Once the legs are tapered and mortised, you can glue them to the waiting panel.  Use the cut-offs from tapering the legs as cauls for clamping.

When the now complete panel/leg assembly comes out of the clamps, go over the legs with a card scrapper and sandpaper, removing any tool marks left from the joiner.  As in many other steps, take your time scrap it smooth.  You or whomever you are making this for will have it for decades, so an extra 20 minutes or card work is worth it.  On one leg I had to break out a smoothing plane and a cabinet scraper to get the finish just right.

The next step is to cut the dovetails in the back of the stiles and legs to accept the Drawer Runners, but their location can’t be determined yet as the stock has not been milled.  Though this is not an issue for the middle and upper ones, but the lower has to fit with the arched stretcher so prior to cutting the dovetails the stock will be milled to determine the thickness.  Put another way, you can’t mark for drawer layout until you know how thick your Drawer Webs will be as it will impact the hight of the drawers and their layout.

Drawer Webs and Assembly

Drawer Supports run on the front of the carcass, they connect to the sides and to Drawer Runners that in this case run to rear Drawer Supports.  The Drawer Runners are typically not glued, but ride on loose tenons as the side panels expand and contract. When assembled with front and rear Drawer Supports the assembly is called a Drawer Web.  A Drawer Web can be fully glued if the sides of the carcass are constructed as a floating panel.  As such, these will be fully glued as they will be a principal form of strength in the finished dresser.

This dresser also features vertical Drawer Dividers that connect the horizontal Drawer Dividers.  One is included in the lower three tiers of draws and two in the top tier.  The Drawer Webs will need to feature additional Drawer Runners at these points.

Only the front Drawer Support will be visible in the finished project, so only it needs to be made from the same wood as the rest of the dresser.  You can use a less expensive wood for the Drawer Runners, rear drawer Supports, center Drawer Runners and side guides.

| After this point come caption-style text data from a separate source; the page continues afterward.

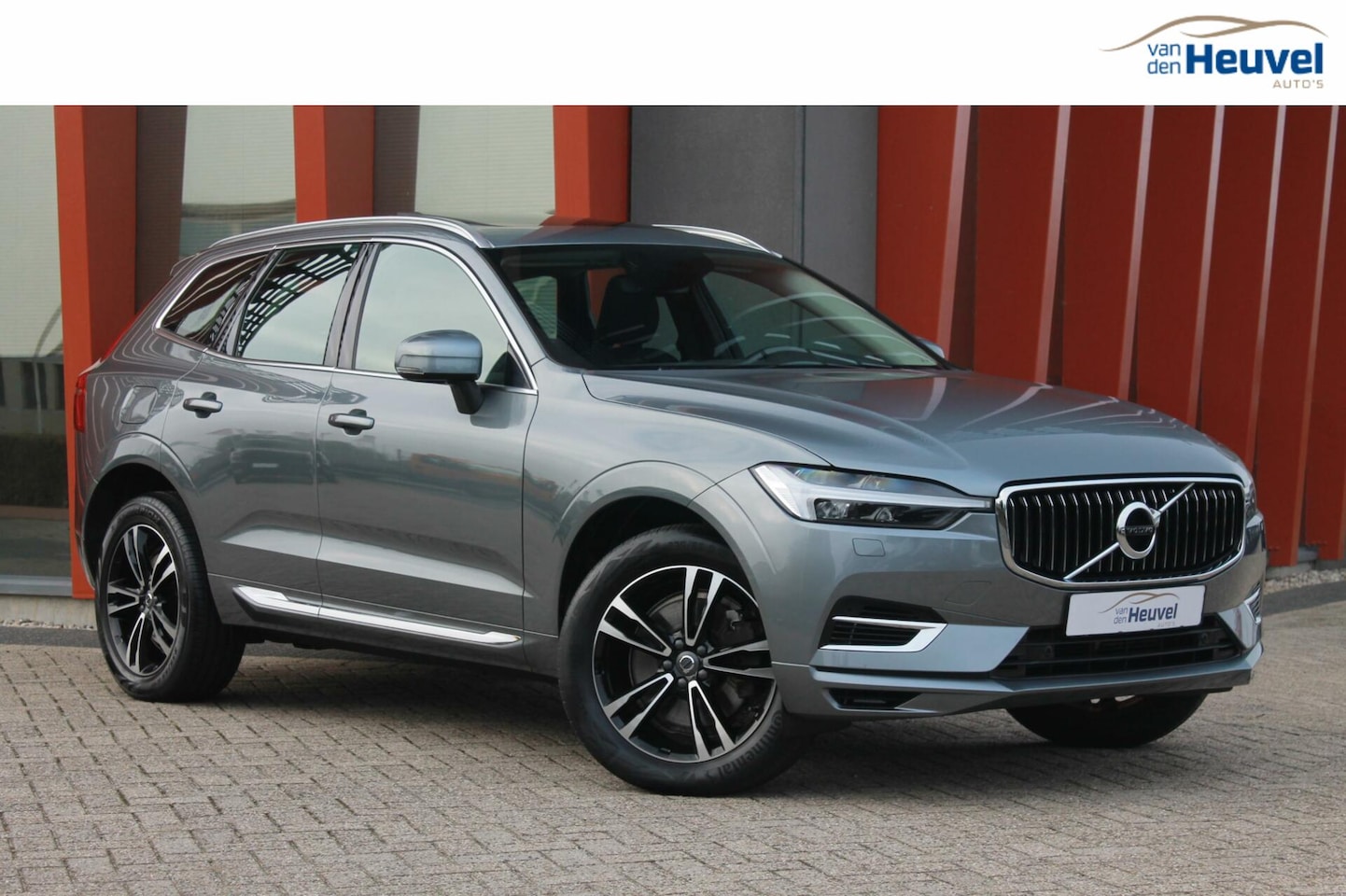 Volvo XC60 - T6 Recharge AWD Inscription Expression | Panoramadak | Pilot Assist | BLIS | Trekhaak | St - AutoWereld.nl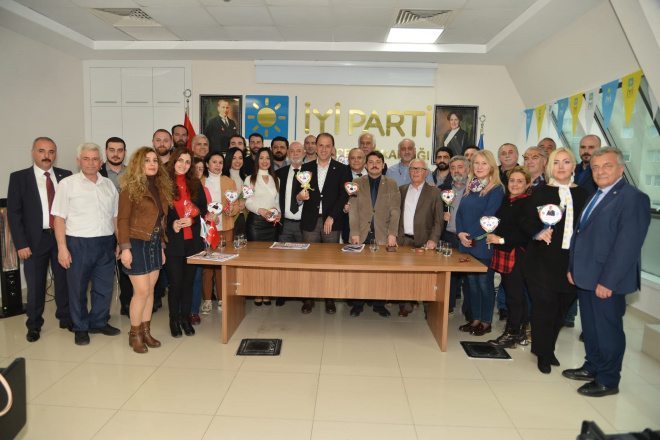 CHP ve İyi Parti Birlik Mesajları Verdi
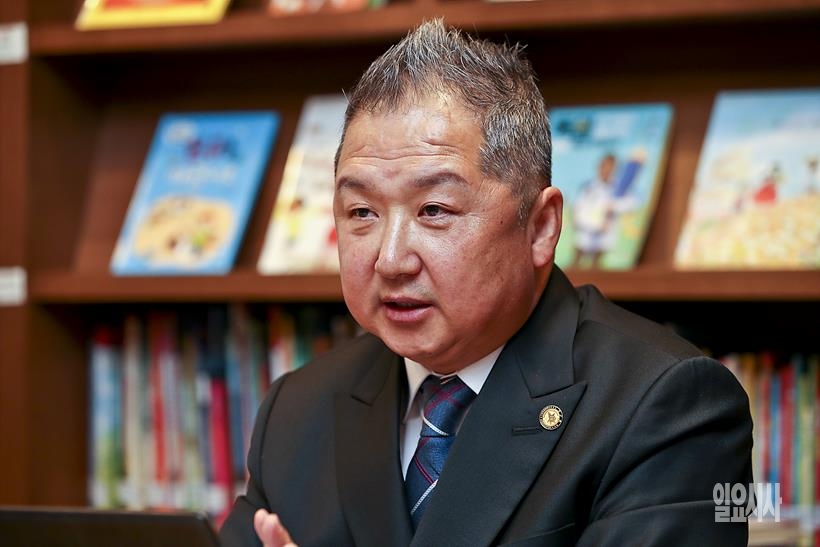 <일요시사>와 인터뷰 갖는 이상재 대한장례인협회장 ⓒ고성준 기자 ▲ 일요시사와 인터뷰 갖는 이상재 대한장례인협회장 ⓒ고성준 기자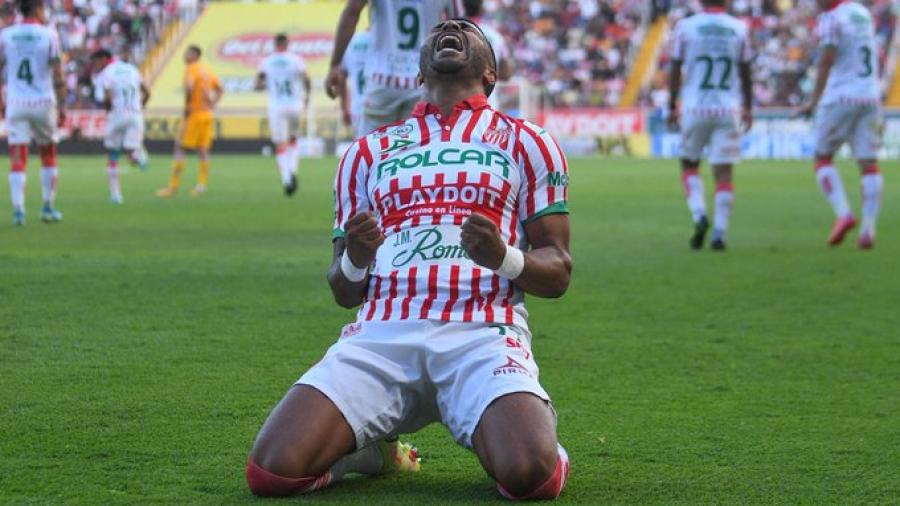 Necaxa da la sorpresa y vence 2-0 a los Tigres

There are five Drawer Webs with the lower three being identical and the top two being similar with the exception that the topmost one will have a blind dovetail joint into the top of the stile and leg versus a sliding dovetail joint.  You can see in the detail image that the only difference between the top to Drawer Webs are the layout of the dovetail.  The second web from the top features a sliding dovetail and the top web features a half blind mortised into the leg/side panel.

There are 90 linear feet of Drawer Webs!  I made the front Drawer Dividers 3″, the back Drawer Dividers 2″, Drawer Runners 2″ and Drawer Runners in the middle of the Drawer Web 4″ to catch the edge of the drawer on each side.   Vertical Drawer Dividers match the size for the front or back depending on the side they are on.

Milling the web stock will establish the width of the dresser.  I cut mine to rough length at 62″ then squared one end and cut the final length to 61″.  The Drawer Supports for the top web are left long as they will get a blind dovetail vertically into the top.

Before the ends of the Drawer supports can be cut for the dovetail, the dovetail has to be cut in the side panels.  I use a 1/2″ 14 degree bit.  Mark the locations on the panel will you will want your drawers.  I use 7″ openings for the bottom three rows and the top row then ended up being the remainder.  I marked the line on the panel for the Drawer Support location (vertical and 1/8″ in from the top and bottom of the panel) then marked the center-line for each Drawer Support and a line 1/2″ in from the front edge.  The dovetail will stop at the 1/2″ point so the dovetail will not cut through the areas left for the reveal.

I use a zero clearance router bit template designed for a 1/2″ bit.  I simply clamp this jig 1/4″ from the center-line marked on the panel and the bit is therefore centered on the line.

You have to route from the back of the panel, so orient the jig so you are not doing a climb cut, this will be on the top of the center line.  Set the depth to no deeper then the depth of the center panel (my panel is set in 1/2″ from the back and I cut the dovetail 3/8″ deep).  Remember when we cut the slots for the panel in the stiles and rails we move the slot as far forward as possible so the back would have the thickness needed for this dovetail.

Cut across the panel and stop when the full width of the cut hits the 1/2″ mark on the front of the side panel.

Do not route the top Drawer Support location as these will be held on by half blind dovetails that go vertically into the side panels.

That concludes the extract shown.